LONDON -- The International Monetary Fund should be allowed to sell some of its gold reserves to cushion Africa from the global economic crisis, African countries will argue at next month's Group of 20 summit.

Meles Zenawi, Ethiopia's prime minister, representing the continent, said the sell-off could raise between $5 billion and $15 billion to be channelled through the IMF, World Bank and other multilateral institutions.

Africa needed short-term increases in development assistance of between $30 billion and $50 billion to offset declining trade and investment.

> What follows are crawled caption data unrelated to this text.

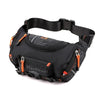 Black tactical chest bag with an orange strap and buckle, shown from above.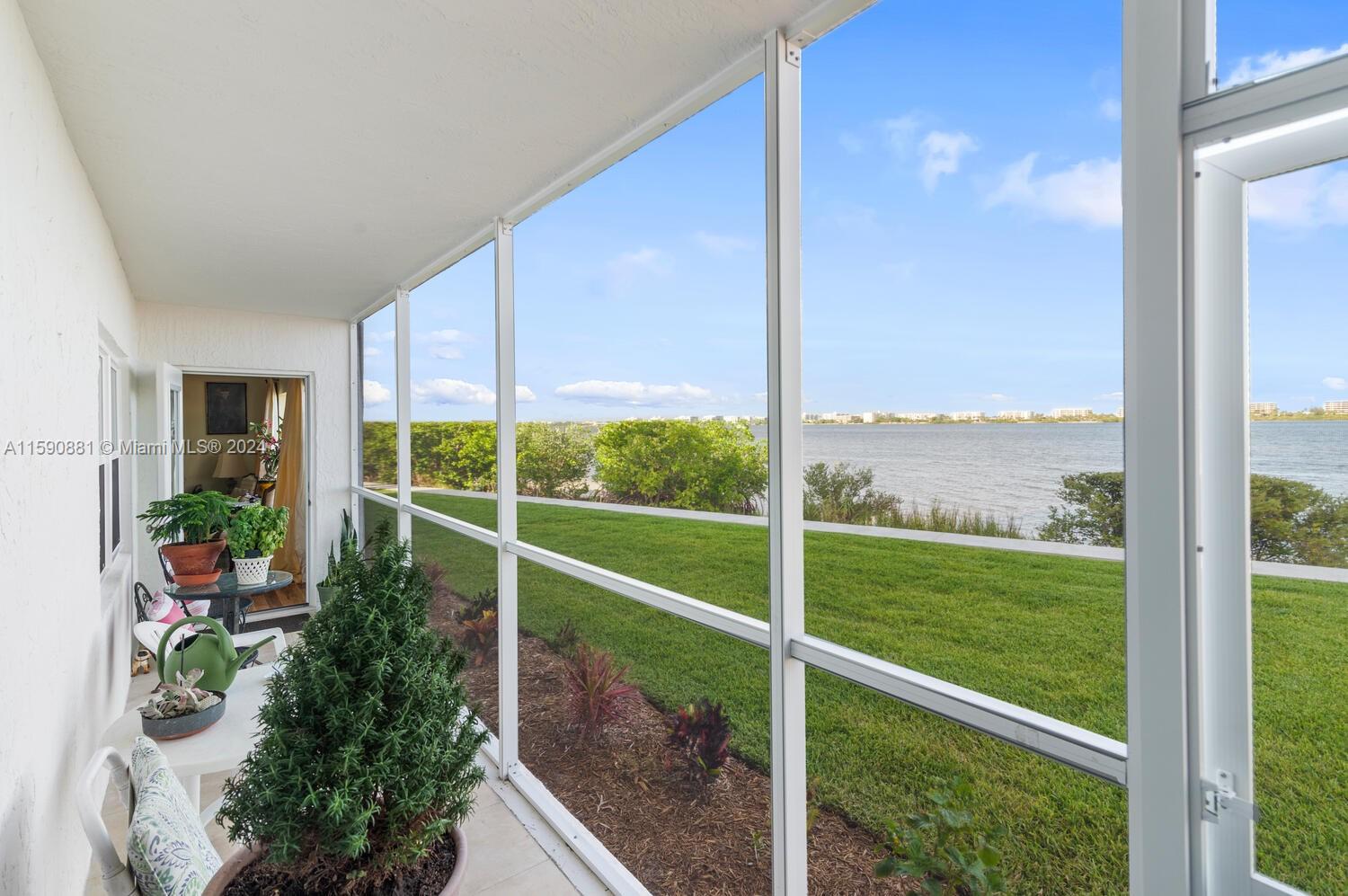 1502 South Lakeside Drive, Unit 112 Lake Worth, FL 33460 - Photo 1 of 21 a view of outdoor space and yard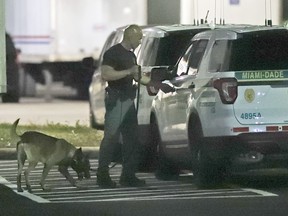 A police officer and dog are shown outside a postal facility, Thursday, Oct. 25, 2018, in Opa-locka, Fla.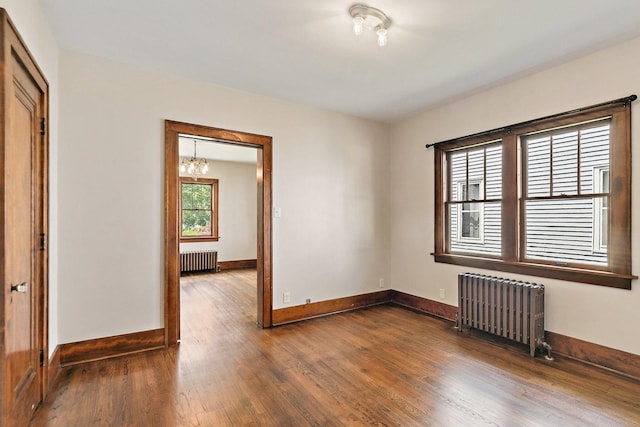 610 S 3rd St, Dekalb, IL 60115 - unfurnished room with radiator heating unit, a chandelier, and wood finished floors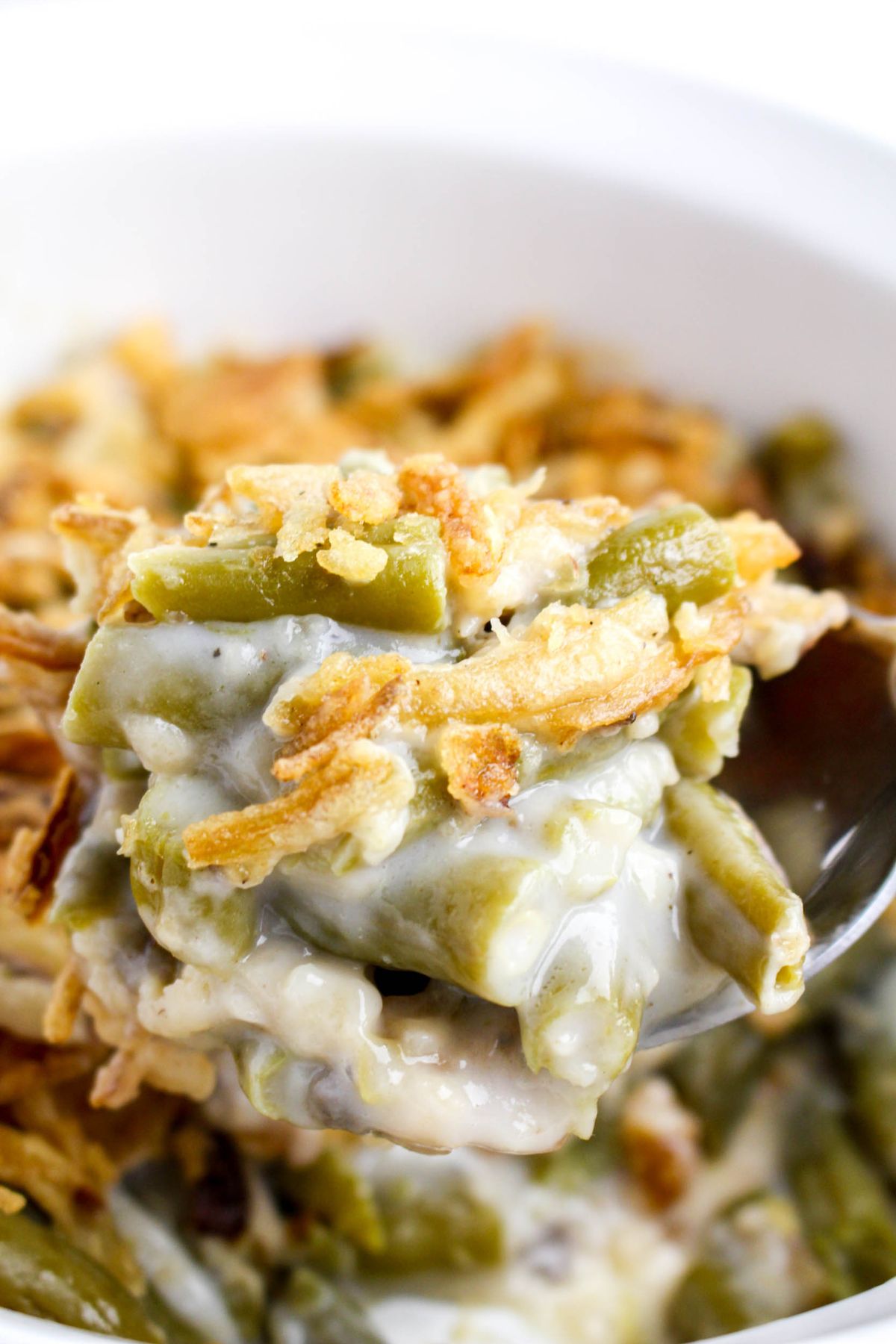 A close-up of a spoonful of green bean casserole topped with crispy fried onions in a white bowl.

The availability of such funds was a matter of life and death, Mr Meles said in an interview with the Financial Times.

"We are seeking a much smaller stimulus package than is being spent bailing out the small and medium- sized banks in the west," Mr Meles said.

In countries such as Britain, he added, the worst likely consequence for individuals in the downturn is the loss of employment. "The worst that can happen in Africa is that people who were getting some food would cease to get it and instead of being unemployed would die," he said.

African economies are facing a looming balance of payments crisis as income from commodities, foreign investment, remittances and aid shrink simultaneously.

Mr Meles said there was a risk that fragile recent gains would be washed away, conflicts would reignite and more states would fail.

"Africa was beginning to stand up and now it is being knocked down again by this crisis, which is not of Africa's making. That is one of the biggest tragedies," he said.

In the past, African gold producers have opposed the idea of the IMF selling off its reserves because of its likely impact on world prices.

"Gold prices are doing well now so a slight correction to mobilise resources for Africa would not be that difficult," Mr Meles argued.

More funds for the continent could be sourced if other developed countries join Europe in supporting a recapitalisation of the IMF with hundreds of billions of dollars of additional funds, he said.

In the longer term, Africans would have to rethink all their "development strategies" and "find ways of doing well in an environment that is less permissive".

Ethiopia has resisted western pressure to open up its economy faster and privatise its banks, a position Mr Meles suggested had proved "prudent" in light of global events.

"One of the problems at the moment is that the situation is so volatile," he added. "It keeps changing every week. It destabilises everything, including one's thinking. If we knew where the bottom was we could start thinking as to how to get out of it."